Some datasets are too big to be processed on a single machine, for example: wikipedia, wiki40b, etc. Instead, we allow to process them using Apache Beam.
Beam processing pipelines can be executed on many execution engines like Dataflow, Spark, Flink, etc. More infos about the different runners here.
At Hugging Face we have already run the Beam pipelines for datasets like wikipedia and wiki40b to provide already processed datasets. Therefore users can simply do run load_dataset('wikipedia', '20200501.en') and the already processed dataset will be downloaded.

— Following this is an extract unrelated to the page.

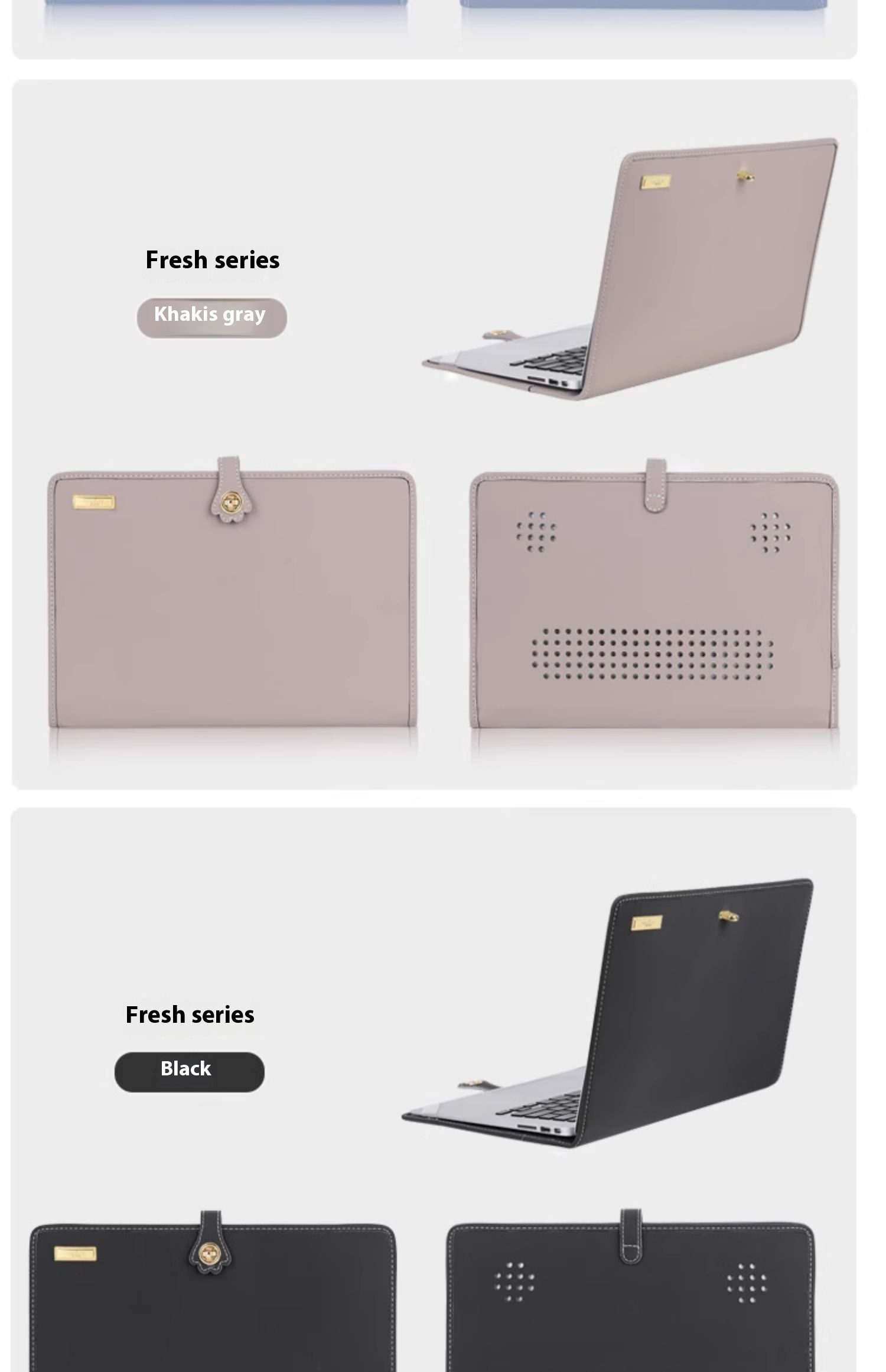 5738f4b4a1bd4af19fd5b1e000d6851e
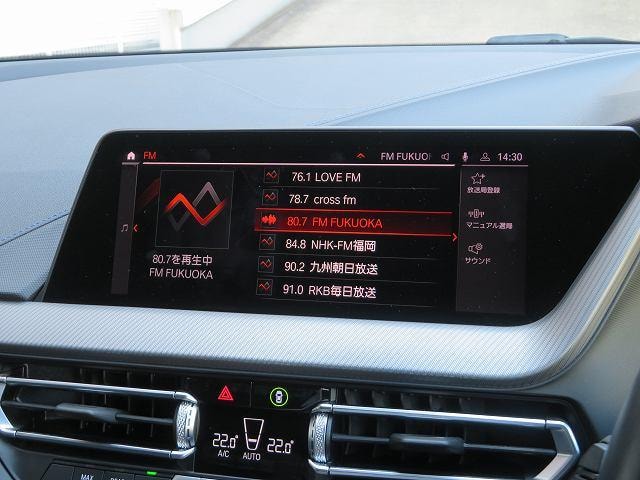 Миниатюра 51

If you want to run the Beam pipeline of a dataset anyway, here are the different steps to run on Dataflow:
- First define which dataset and config you want to process:
DATASET_NAME=your_dataset_name # ex: wikipedia CONFIG_NAME=your_config_name # ex: 20200501.en
- Then, define your GCP infos:
PROJECT=your_project BUCKET=your_bucket REGION=your_region
- Specify the python requirements:
echo "datasets" > /tmp/beam_requirements.txt echo "apache_beam" >> /tmp/beam_requirements.txt
- Finally run your pipeline:
python -mdatasets-cli run_beam datasets/$DATASET_NAME \ --name $CONFIG_NAME \ --save_infos \ --cache_dir gs://$BUCKET/cache/datasets \ --beam_pipeline_options=\ "runner=DataflowRunner,project=$PROJECT,job_name=$DATASET_NAME-gen,"\ "staging_location=gs://$BUCKET/binaries,temp_location=gs://$BUCKET/temp,"\ "region=$REGION,requirements_file=/tmp/beam_requirements.txt"
Note
you can also use the flags num_workers or machine_type to fit your needs.
Note that it also works if you change the runner to Spark, Flink, etc. instead of Dataflow or if you change the output location to S3 or HDFS instead of GCS.
It is highly recommended to be familiar with Beam pipelines first. Then, you can start looking at the wikipedia.py script for an example.